Precious & Capitalism: A Love Story

Among its other bounties, March 9 brought two disparate, yet somehow overlapping, movies to disc. Both Precious and Capitalism: A Love Story are members of that rare breed, the socially-conscious American film. One is a narrative (based, as the advertising campaign never tired of reminding us, on a work of fiction by the author Sapphire), the other a documentary. One takes place twenty years ago (Precious is set in 1987), the other spans decades with the emphasis on how this history has culminated in the present day. And in the same spirit as these other differences, the films employ divergent approaches to their subjects. Precious zeroes in on the travails of its protagonist - the film touches on issues of race, class, sexuality, welfare politics, and education alternatives, but eschews didactic lectures (if not necessarily didactic characters or devices). Capitalism is, by nature, didactic - it's a Michael Moore film, after all, and even if he's toned down his personal appearances he still likes to tell us what he thinks and what he thinks we should think on the soundtrack.

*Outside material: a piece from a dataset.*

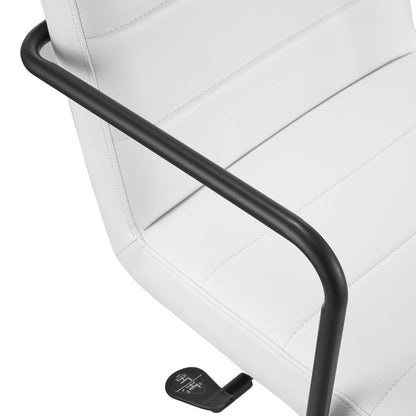 White and Black Steel and Faux Leather Adjustable Swivel Rolling Office Chair HomeRoots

Putting aside these obvious differences, take a moment to look at those posters. Some would suggest that their iconic, blocky form - employing recognizable silhouettes rather than detailed features - represent their explorations of American society: simplistic, broadly defined, perhaps cartoonish. I wouldn't necessarily go that far but the two movies are linked by a certain bombastic, preening thrust - and also by the very fact that they peek beneath the increasingly tattered surface of the American Dream, and can't help but be self-conscious about doing so.